Once or twice a year, Jones fills in as a temporary hospital pathologist, which explains why, at his peak, he maintained medical licenses in 27 states. On occasion, he also serves as an expert witness, he said, and for a brief time harvested fetal tissue for medical researchers.
Jones said he began to write online prescriptions in 1998. At first, he was paid $25 for each prescription. Now, he receives $5,000 every other month, he said. In five years, he estimated, he has collected about $100,000 from online prescribing.
Jones said he has never met the owners of netdr.comand does not know who they are. "One of the owners is in Brazil," he said. "As far as I know, the papers of incorporation are in the Bahamas. I know they are somewhere down in the Caribbean."
Jones said he has written online prescriptions for more than 35,000 patients for netdr.comand its affiliate maleclinic.com. Nearly eight of every 10 customers have requested Viagra, the popular drug for treating erectile dysfunction. All but about 100 of the requests have been approved. With computer efficiencies, Jones said, it takes him about a minute to review the online medical questionnaires filled out by patients. He has never asked for medical records of patients, Jones said, and he rarely speaks with customers on the phone.
Jones defends the process as thorough and safe. He said he does not prescribe narcotics and knows of no injuries to his patients from the drugs he has prescribed. "I'm only going to prescribe for conditions that can be managed without a physical diagnosis, without a physical examination," Jones said.
Jones contends that the state boards have punished him unjustly because they are protecting the old guard of medicine. "I am like Columbus," he said. "They said the Earth was flat. He would sail off the edge. . . . I am like Galileo . . . like Copernicus."
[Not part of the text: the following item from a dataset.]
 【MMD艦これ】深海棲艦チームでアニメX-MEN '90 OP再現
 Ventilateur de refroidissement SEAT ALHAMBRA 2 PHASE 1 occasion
The medical boards counter that Jones has violated one of the basic tenets of medicine by failing to establish a valid physician-patient relationship. The North Dakota Board of Medical Examiners, which revoked Jones's license in September, calculated that Jones approved at least 72 prescriptions an hour in 2002, "perhaps considerably more." It also cited a case in which Jones wrote a prescription for Viagra for a 14-year-old posing as an adult.
Jones, who is appealing the decision, called the board's math "deeply flawed" and said he had no way of identifying the boy, who had properly filled out the questionnaire. "Admittedly, a physician in his office should be able to pick up [on] a 14-year-old boy coming in for erectile dysfunction," he said.
Thompson questioned how any doctor could prescribe Viagra to patients without determining whether their erectile dysfunction was caused by an underlying problem, such as diabetes or tumors. "I would think it would be important, for example, to check if the patient were presenting symptoms for one of these diseases," he said.
A spokesman for Pfizer Inc., the manufacturer of Viagra, agreed. "In general, it's irresponsible to circumvent the relationship between a patient and a doctor without going through a proper diagnosis as well as discussing the appropriateness for treatment," Daniel Watts said. "Certainly Pfizer doesn't endorse this. It's not the way to go."
Jones said Pfizer was "the perfect Janus," a reference to the Roman god said to have one head and two faces. "Pfizer will suck up to organized medicine but at the same time will certainly accept every dollar that comes in from Internet practice," he said. Watts said Pfizer would prefer not to get its sales from online prescriptions. "It's not about the numbers," he said.
Jones concludes that "if someone can show me in a scientific study that what I am doing is dangerous, I will stop tomorrow. That's the way to convince me."